Even in AAA games there is a great story of a game’s framerate & memory budget suddenly having problems and it being tracked down to a box of bullets … where each bullet has it’s own unique set of 2k textures and a 30k mesh and the entire box is actually filled with 30 bullets, not just the top few that are visible…
Sadly, no. It did in some early versions, and then it didn’t by the time non-beta builds of Unity were required to run it. Well, that’s not entirely true. As of LWRP 2.0.4 if you disable shadow cascades the main directional light shadows are sampled in the forward pass instead of the “Screenspace shadow resolve” as they call it in the change notes. https://docs.unity3d.com/Packages/com.unity.render-pipelines.lightweight@2.0/changelog/CHANGELOG.html
For mobile platforms, Unity’s forward renderer has never used the screen space shadows, and in some versions of Unity it was possible to disable this even for desktop / console builds, and by some versions I don’t mean major versions, but Unity 5.3 you could disable screen space shadows from the quality settings (using a setting not exposed to the inspector), but in 5.4 it was removed, and in some versions afterward disabling the screen space shadow shader would cause it to fall back to sampling the shadows in the forward pass, and in others it would just stop rendering the shadows entirely. For all of these cases only hard shadows were an option.
With LWRP 2.0.4 you can still use soft shadows for non-screen space shadows, which is a nice improvement over the built in forward renderer, but there are some issues still. Since you can’t use cascades for non-screen space shadows you generally need to set the shadow distance fairly small, and currently there is a hard edge where the shadow map ends rather than a soft fade like the built in renderer. When using soft shadows and a larger range the light bias has to be quite high leading to a lot of light bleeding.

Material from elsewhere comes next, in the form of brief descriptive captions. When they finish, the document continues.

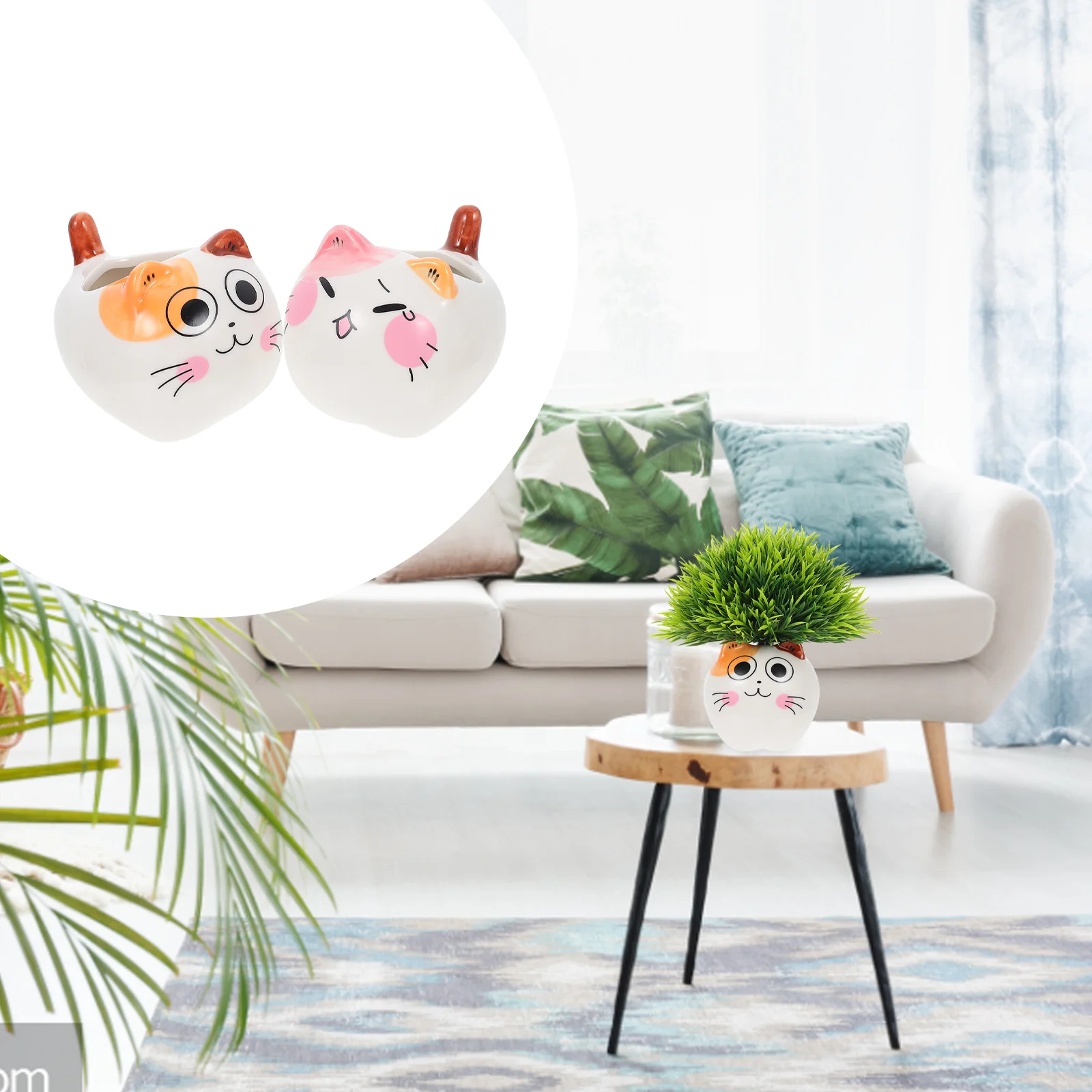 

2Pcs Succulent Plant Flowerpot Ceramic Flower Pot Lovely Kitten Design Flowerpot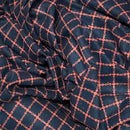 Schwarzer Tweed-Wollmischstoff mit Hahnentrittmuster, Blau
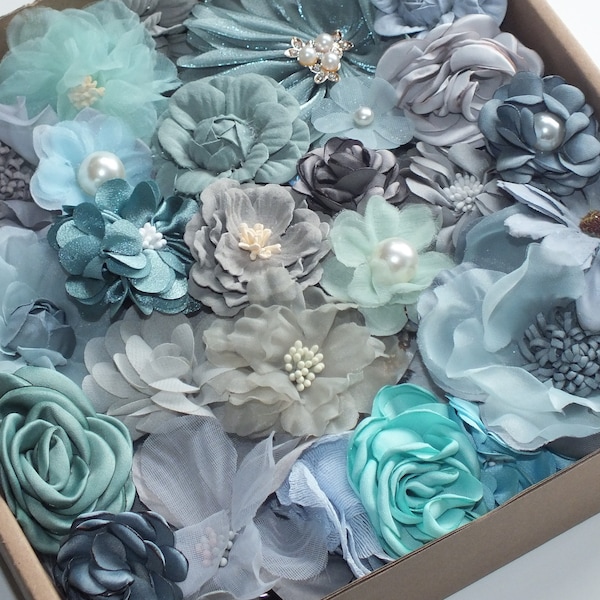 Mixed Assorted Colours Shabby Chic Pastel Faux Silk Satin Fabric Flowers for Craft Hair Bows 10 or 20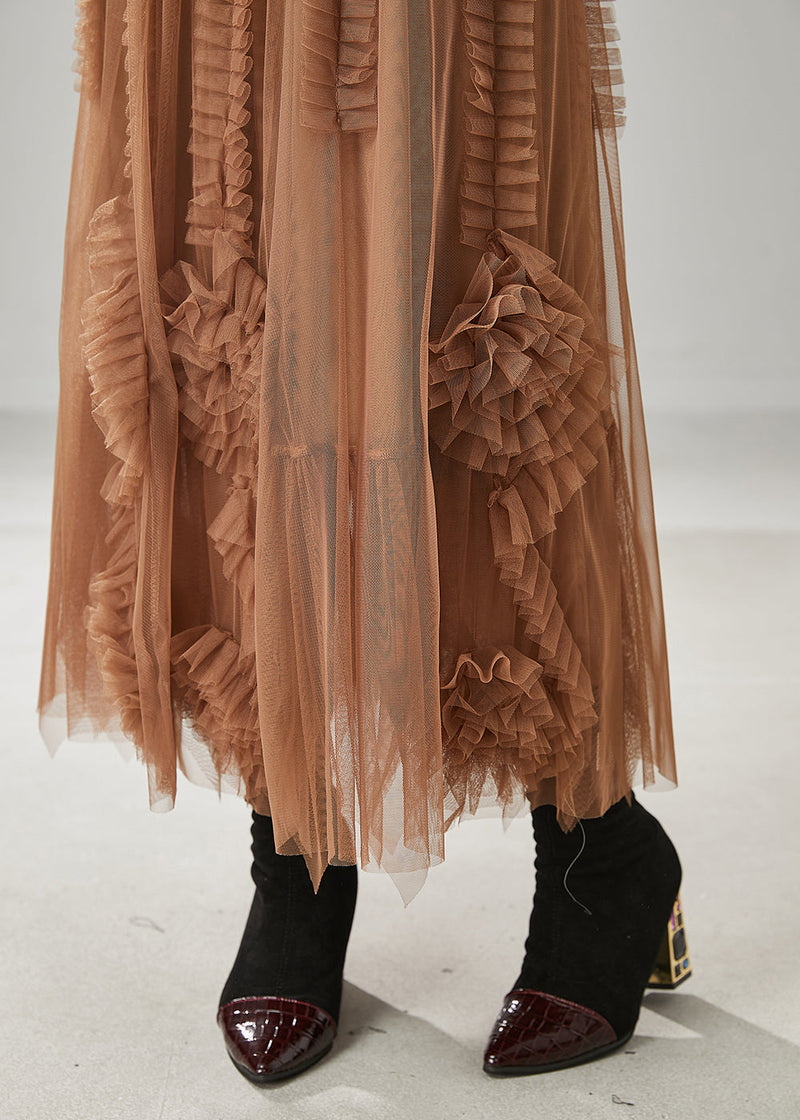 Classy Brown Ruffled Stereoscopic Tulle Skirt Spring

The light bias settings have to be set much higher in the LWRP compared to the built in renderers even with cascades as they use the same bias for all cascades rather than properly increasing the bias for each, so even there it’s a bit of a qualitative drop from the built in renderer. This means either the shadows in the distance show significant shadow acne, or your bias is set for the largest cascade which again produces significant light bleeding.
The most annoying part is the early versions of the LWRP did soft shadows and cascades in the forward passes, even on transparencies, which is pretty much exactly what many of us doing VR want. It was removed because the other techniques are more efficient and they were experiencing an explosion of shader variants as the LWRP is being designed to cover a broad range of platforms and uses, now even more so.
Also, Unity for their part has also acknowledged the current setup isn’t great for VR, and internally there are plans to look into this more.
I see! Very very informative, thank you! I’m actually doing a school VR game right now (due next month), and the shadows, while aren’t that visible in VR, kind of bug me a bit. Would your shader be able to solve the issue?
The concept shown in the shader, yes. The shader itself isn’t doing any shading, just sampling the shadow map and displaying that directly. To use this in a real environment would require some additional work to override the functions in AutoLight.cginc, or use a completely custom lighting model not using Unity’s shading code or surface shaders. I’ve shipped two games using variations on this technique, though I haven’t gotten it working properly for my current project since Unity is making it harder for me as they keep making modifications to the AutoLight.cginc.